Industry officials say the codes are too long and varied to put into insurance claims. AdvaMed says hospitals would have to invest in new bar code scanners and come up with ways to accurately transmit the data to payers. The American Medical Association says reporting UDIs in insurance claims would be cost prohibitive and insufficient for detecting widespread problems.
Organizations including Centers for Medicare and Medicaid Services and the Medicare Payment Advisory Commission have supported adding a short section of the UDI known as the "device identifier," or DI, to Medicare claims forms.
The full UDI, however, can run to 75 characters and comes in three different formats used by three different standards organizations. The full code contains not just model numbers, but batch and lot numbers, dates of manufacture and other information that would identify which specific devices are affected by problems.
AdvaMed Associate Vice President Zach Rothstein, who advocates on medical device regulation involving the FDA, said researchers who use just snippets of the UDI codes may draw inaccurate conclusions about devices that could negatively affect both medical device makers and patients.
"Think about all the food recalls where you go to your freezer and say, 'Well, was this done in that time frame and in that plant?' And the news gives you the code. It's not just this was Tyson chicken," he said. "Without [the full serial number], you just don't know."
Advocates say patient safety would benefit from the added transparency, dismissing arguments that it's too difficult or expensive. Ben Moscovitch, manager, health information technology at Pew Charitable Trusts, noted that the FDA's Sentinel program to root out problems with prescription drugs is based largely on claims data, which incorporates 10-digit National Drug Codes.
"Many of the safety challenges that occur with devices occur across the entire product line," Moscovitch said, "and to evaluate the safety of products in that capacity requires only the brand and model of the device, and not the production information that is included in the [full UDI]."
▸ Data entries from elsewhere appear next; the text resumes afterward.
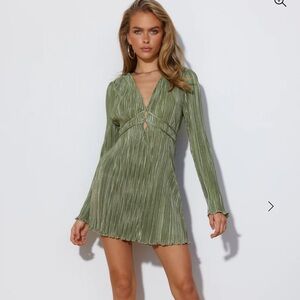 HORIZONS MEET PLISSE DRESS SAGE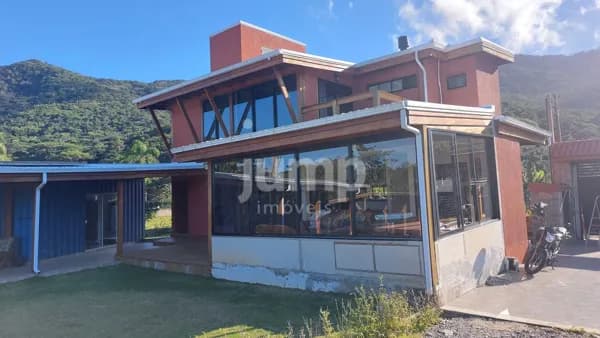 Casa com 3 suítes, 3 vagas e ponto de carregamento elétrico, no bairro Costa de Dentro, Florianópolis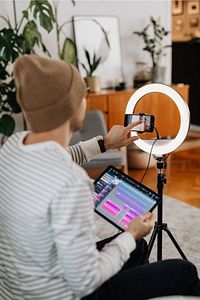 10ınç Youtuber Led Işıklı Tripod Selfie Makyaj Işığı Sürekli Ring Light 26cm 2.1 M Ayaklı Tripot ürün fotoğrafı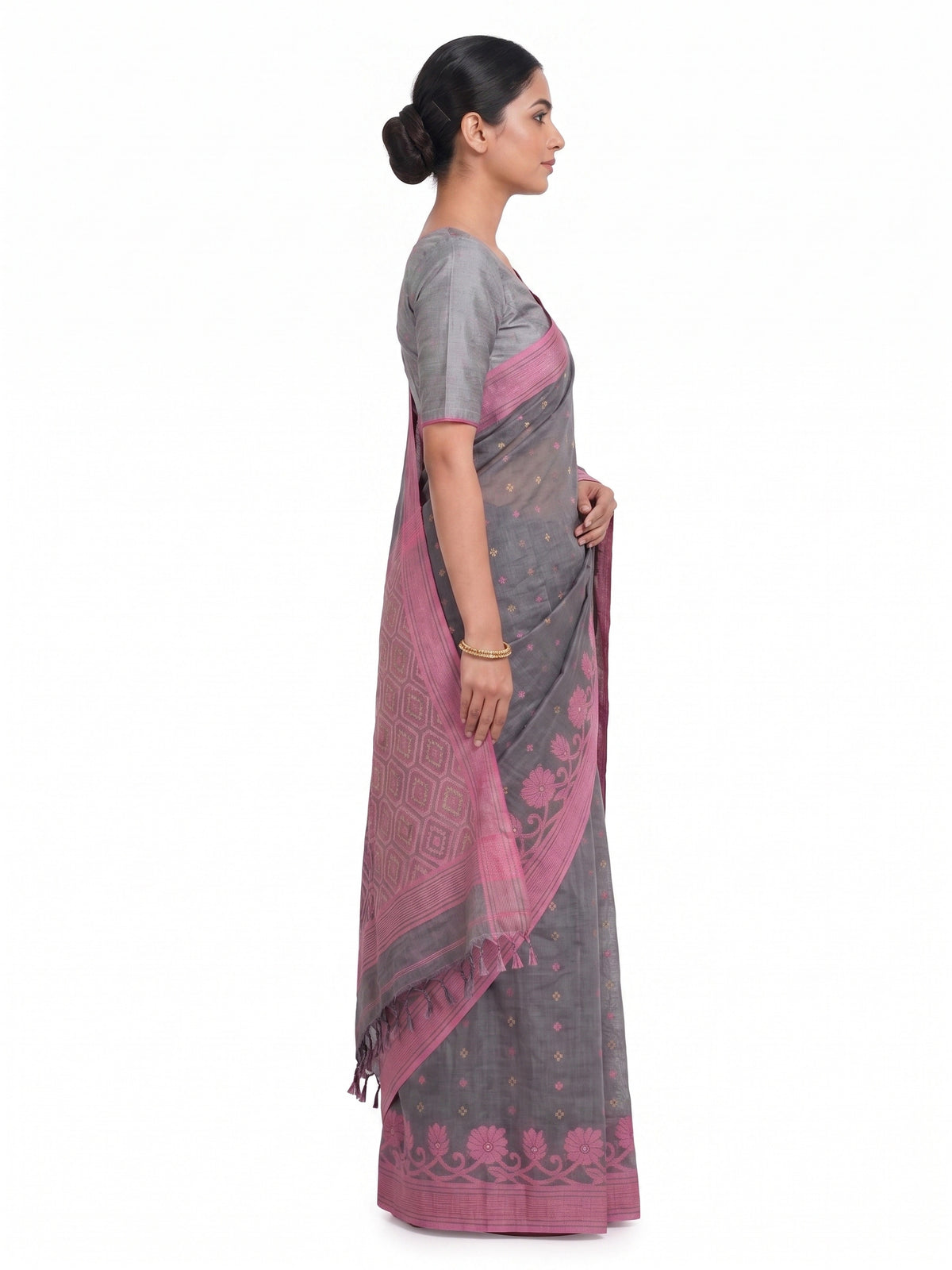 Pradip Fabrics Applique Handloom Cotton Silk Saree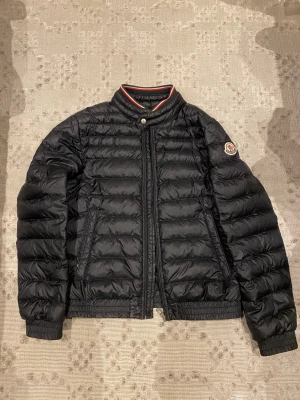 Moncler jacka - Ny skick, originalpris är 7999kr,funkar att sakna märket/NFC, säljs pågrund av storleken. Har du andra frågor skriv gärna.  
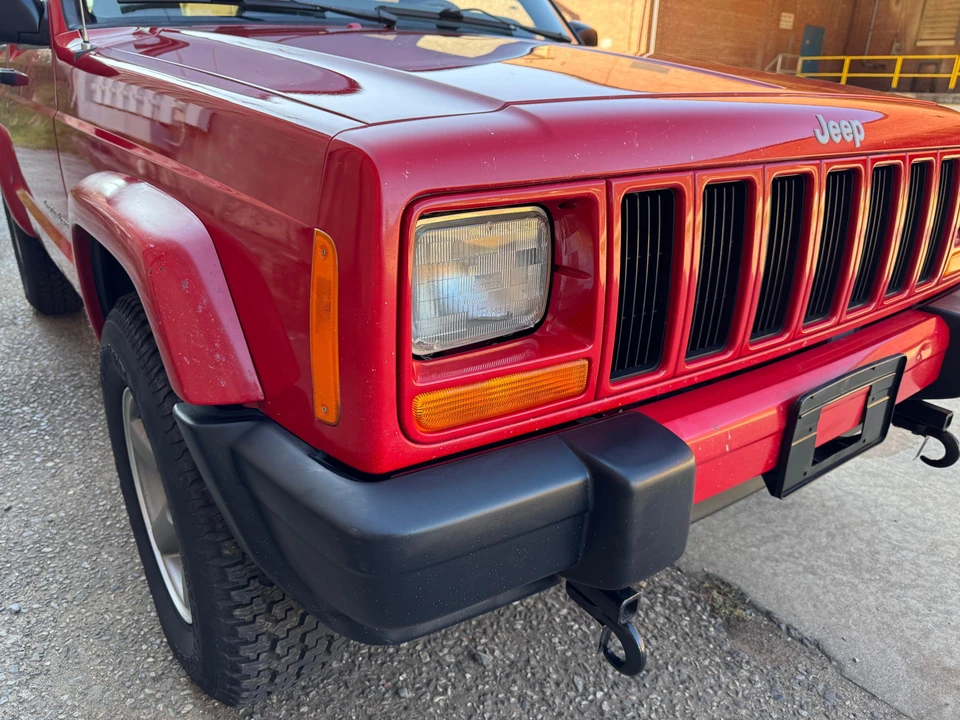 1999 Jeep XJ Cherokee - Image 16 of 31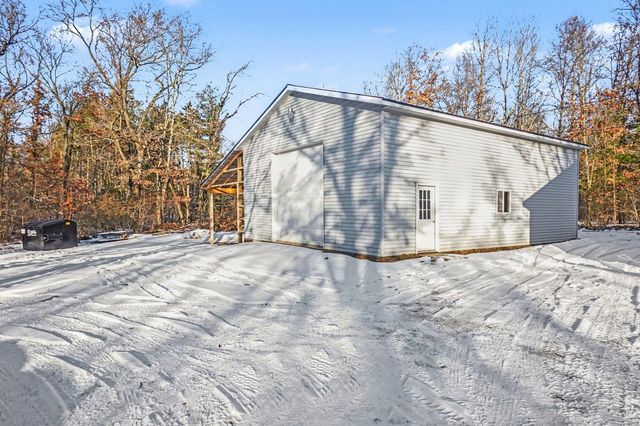 1710 215th Avenue, Morley, MI 49336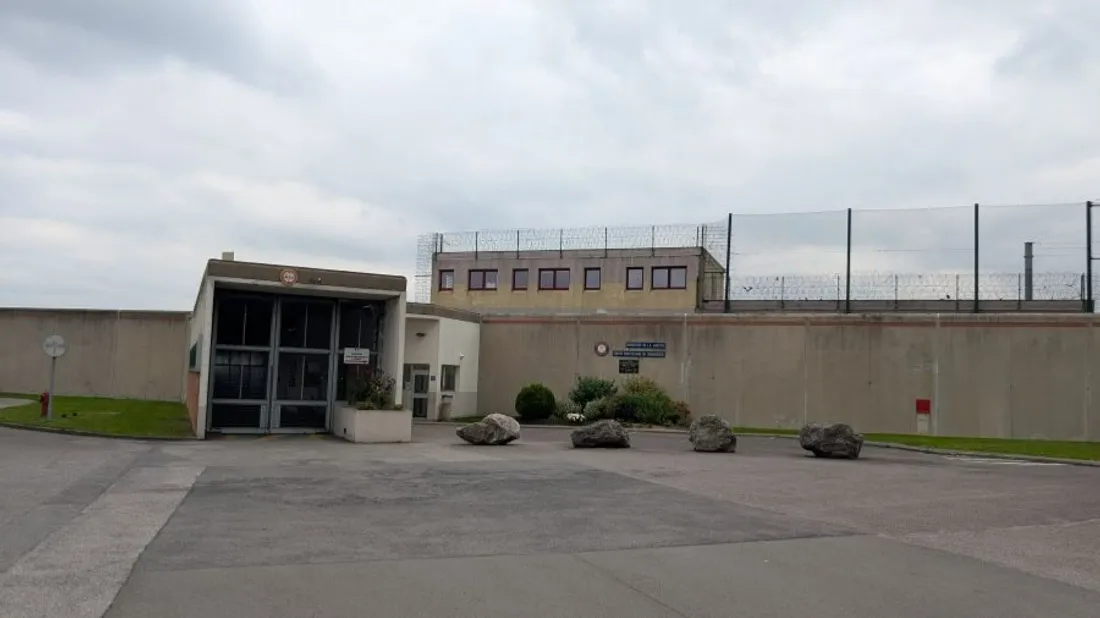 Depuis plus d'un mois, le centre pénitentiaire de Longuenesse doit s'adapter aux fortes chaleurs.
The three companies that made the recalled or defective heart devices that led to $1.5 billion in Medicare spending documented in the inspector general's report — Boston Scientific, Medtronic and St. Jude Medical owner Abbott Laboratories — all declined to comment for this story.
Asked whether the medical device companies' opposition to including UDIs in Medicare-claims forms was related to financial concerns like lost sales or increased litigation, May noted that product recalls are already costly.
"From a litigation perspective, I think malpractice attorneys are very aggressive in a lot of ways, and this just becomes one additional data source," May said. "But if you've got a product that is recalled, my guess is the company is already feeling a financial impact because it's a product that they've had to recall."